# Imports


We **import** libraries or modules into our current python session in order to use the functions, methods, or variables within it. We can also directly import specific functions, methods or variables, as opposed to the entire module. 

_______________________


## Goals

Following this lesson you should be able to:

1. Understand the differences between Modules, Libraries & Packages. 

2. Install a new package, taking adequate safety measures. 

3. Import a base python or pypi module, with and without an alias, and run a function that exists in that module. 

4. Import a module you created, and run a function that exists in that module. 

5. Import a function from a module, with and without an alias, and run that function. 

________________________

## Agenda

1. Understanding the terminology: Modules, Libraries & Packages

2. Installing packages

3. Importing 

4. Exercises

_______________________


## Terminology

Before going into imports, let's discuss some terminology: Modules, Libraries & Packages

A **Module** is a Python file that contains collections of functions and global variables. It is an executable file with a .py extension. A module can exist in: 

- Base python (https://docs.python.org/3/library/). 

- Community developed packages (https://pypi.org/), 

- Your working directory as a file that you have created. For example, Darden student Bethany Thompson has a repository named 'Predicting-Diabetes-Onset' (https://github.com/ThompsonBethany01/Predicting-Diabetes-Onset). It contains a file named Prepare.py, which is a module she created that she imports in her 'Data_Analysis.ipynb' Notebook. 

A **Library** is "a collection of related functionality of codes that allows you to perform many tasks without writing your code. It is a reusable chunk of code that we can use by importing it in our program." [source](https://www.geeksforgeeks.org/what-is-the-difference-between-pythons-module-package-and-library/) Next week, we will introduce you to the most awesome library ever ;)...Pandas. In fact, Pandas is a module, a library AND a package. https://pandas.pydata.org/. 


A **Package** is a directory having collections of modules. It can also consist of other packages, or 'sub-packages'. It is a way to distribute one or more modules. We *install* packages in order to be able to *import* modules or libraries for use. 

- Python Package Index (PyPI, https://pypi.org/) is a repository of community developed Python packages. 

- Anaconda's **Conda** product is a package manager. It helps you find and install packages (that originate in PyPI). 


______________________


## Installing Packages


- We can only **import** the **libraries and modules** of **packages** that have already been **installed**! In other words, in order to import a library or a module we have to install a package that contains it. 

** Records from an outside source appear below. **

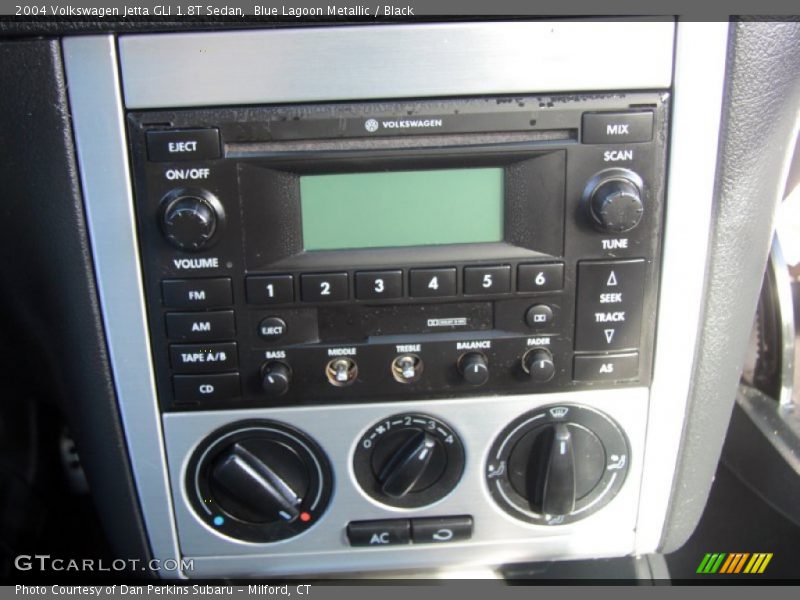 Controls of 2004 Jetta GLI 1.8T Sedan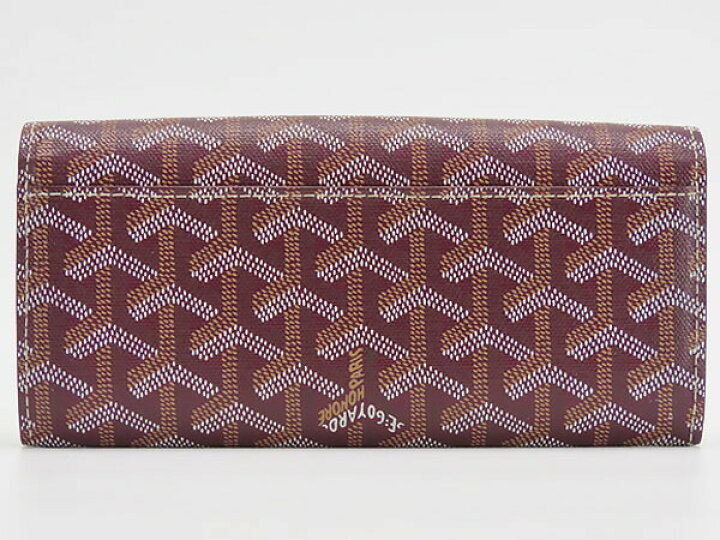 楽天市場】【激レア新品同様】ゴヤール GOYARD ヴァレンヌ 二つ折り長  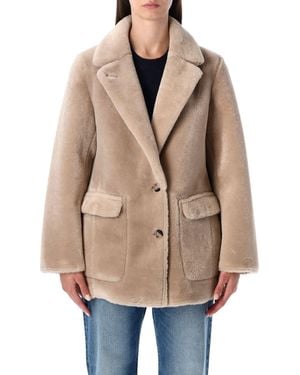 Urbancode Coats Beige - Naturel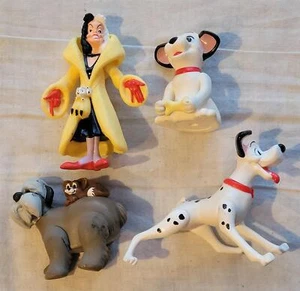 Disney 101 Dalmatiner McDonalds Happy Meal Figuren x VIER - Bild 1 von 3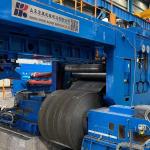 35KG Weight Capacity Steel Coil Flattening Leveling Rewind Machine for Home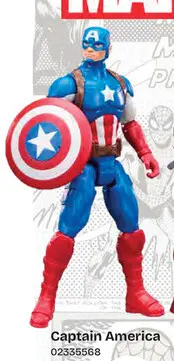 Promotie: Captain America Venom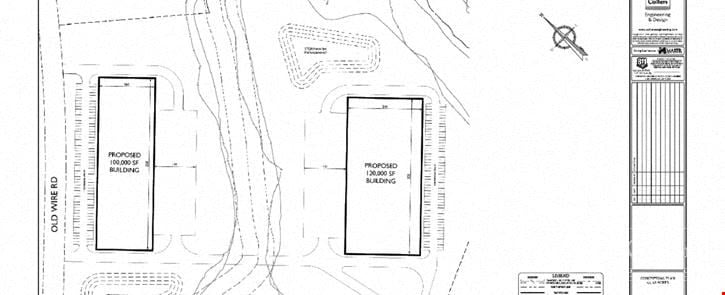 ±51-Acre Industrial Development Tract for Sale at Old Wire Road and Charleston Highway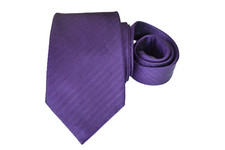 PINK MEN'S TIE PURPLE/STRIPED Width: 3.75" LENGTH 59"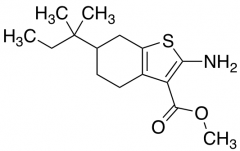 Methyl 2-Amino-6-tert-pentyl-4,5,6,7-tetrahydro-1-benzothiophene-3-carboxylate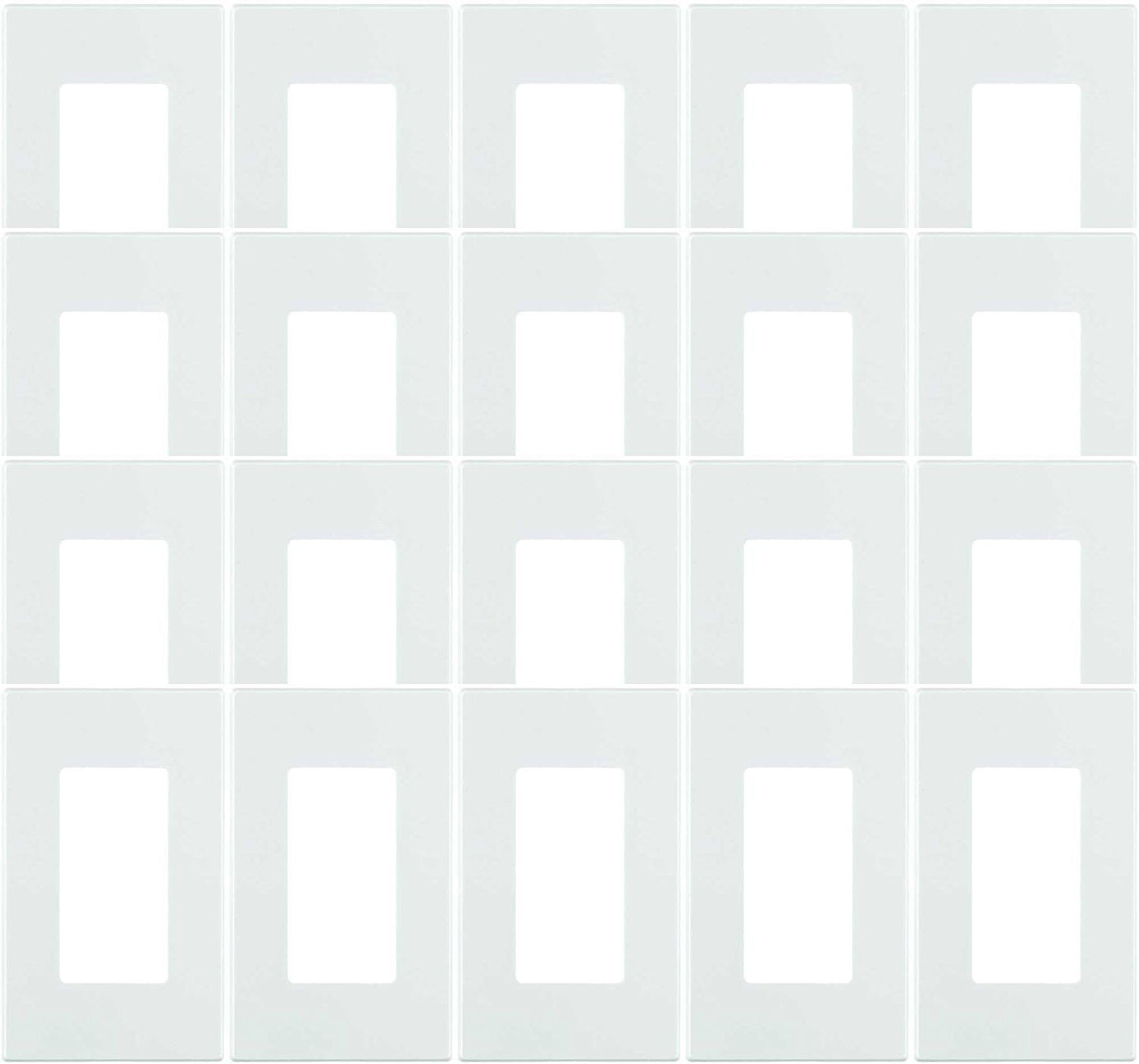 Leviton 80301-SW Wallplatewhite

There are 3 main sources from imports:

1. The [Python standard library](https://docs.python.org/3/library/). This comes with the Python language, and no special installation is needed in order to use it. 

2. 3rd party packages. These require installation either through `conda` or `pip`. You can use `pip install` (*Package in Python*) to install packages directly from [PyPI](https://pypi.org/). You can use `conda install` to install packages through Anaconda's Conda package manager. 
    
3. Our own code. We can break our code into separate files and use imports to use code from one file in another. This would be stored in the same directory as the files that would import them. *These do not require installation.*

!!!note "About Anaconda"   About Anaconda: Base installation of Anaconda includes a set of packages containing additional libraries and modules (beyond the base Python). The list of all available and installed packages through can be found @ [docs.anaconda.com](https://docs.anaconda.com/anaconda/packages/py3.7_osx-64/). 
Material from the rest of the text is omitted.